All you need to know about the appointment of Supreme Court Judges

Written by : Bhargavi Kumari 

INTRODCUTION

The Supreme Court of India was inaugurated on 28th of January 1950, two days after India was declared a republic. It replaced the Federal Court of India which was established under the Government of India Act, 1935. However, its jurisdiction is greater than its predecessor in the sense that it replaced the Judicial Committee of Privy Council as the highest court of appeal in India. Chapter IV, Part 5 of the constitution deals with the provisions regarding union judiciary. 

At present, the Supreme Court consists of one chief justice and 33 puisne judges.
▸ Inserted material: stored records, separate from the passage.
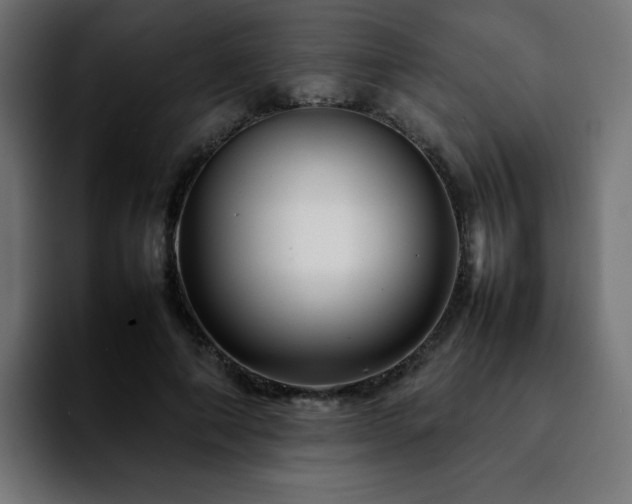 X0000092210690200709210950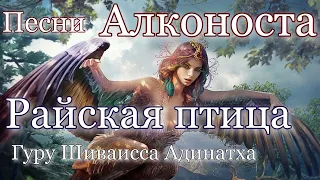 Песни Алконоста - Крышень Коляда Бус Белояр Аргаст Эвелина. Гуру Шиваисса Адинатха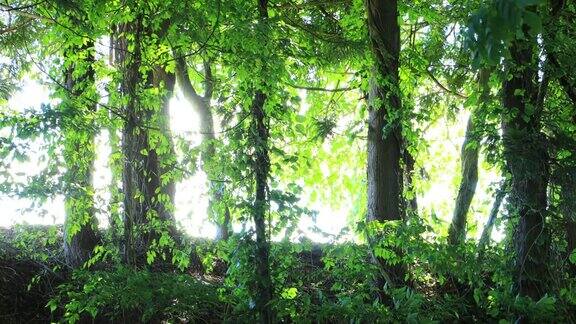 清新的微风吹拂着日本森林里新鲜的绿叶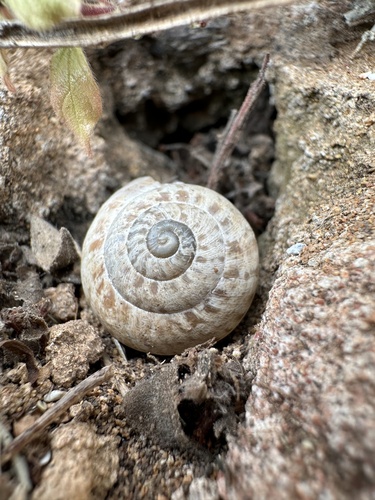 Chocolate-band Snail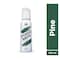 Fogg Master Pine Body Spray For Men - 120ml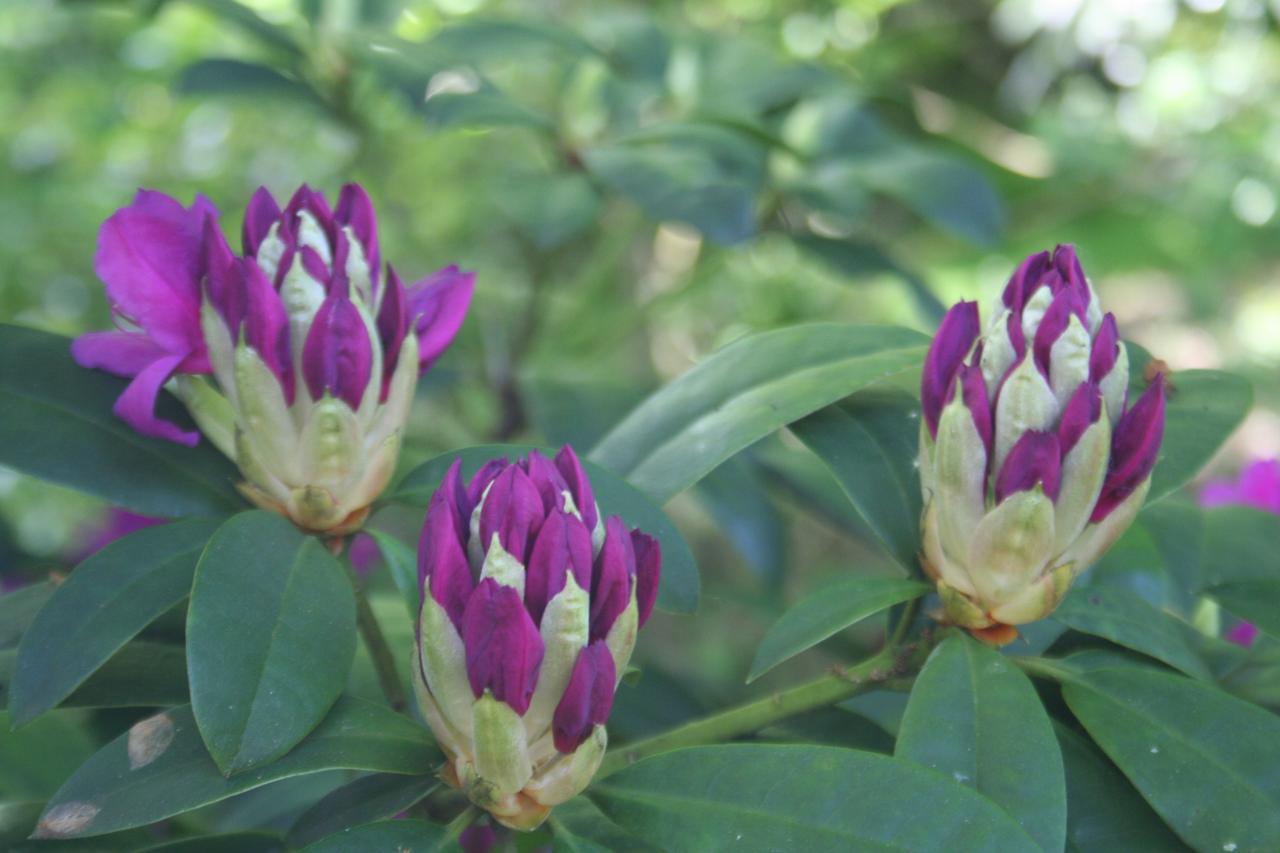 Rhododendron 'Anah Kruschke'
Originally this sanctioned strength was 8 including the chief justice. 

To be qualified to be a judge of the Supreme court, a person must be a citizen of India and must have served as a judge of a high court (or high courts in succession) for 5 years or an advocate of a high court (or high courts in succession) for ten years or be a distinguished jurist in the opinion of the president.

To date, no judge of the Supreme Court has been appointed through the third method and only 9 supreme court judges have been appointed based on their service as an advocate for 10 years in the high court with the most recent appointment of Justice KV Vishwanathan. 

The president appoints the Chief Justice of India and the Judges of the Supreme Court under Article 124(2) of the Constitution. For the appointment of supreme court judges, the constitution obligates the president to consult with the chief justice and such other judges of the supreme court and high court as he deems necessary. The chief justice is to be appointed by the president after consultation with judges of the supreme court and high court as he deems necessary. 

Before 1973, the practice had been to appoint the seniormost judge of the supreme court as the chief justice of India. This convention was defied in 1973 when AN Ray was appointed as the Chief Justice by superseding 3 senior judges and later in 1977 when MU Beg was appointed as the chief justice instead of the then seniormost judge. This led to the creation of the collegium system of supreme court over the course of three cases to ensure the independence of judiciary and separation of power in the appointment of judges. These three judgements are collectively known as the three judges’ case. 

In SR Gupta vs Union of India, also known as the Judges Transfer Case, the court held that the word “consultation” meant mere exchange of views and does not necessitate concurrence thereby vesting the ultimate power in the hands of the central government. 

In Supreme Court Advocates on Record Association vs Union of India, 1993 (2nd Judges case) the court overruled its previous judgement and interpreted consultation as concurrence. In other words, it held that the advice tendered by the chief justice was binding on the president. In the event of conflicting opinions between judiciary and executive, the opinion of judiciary would take primacy. But it also held that the advice by the chief justice shall be given after consulting two of the seniormost judges of the supreme court.

Furthermore, it necessitated the appointment of the senior most judge of the supreme court as the chief justice of India. 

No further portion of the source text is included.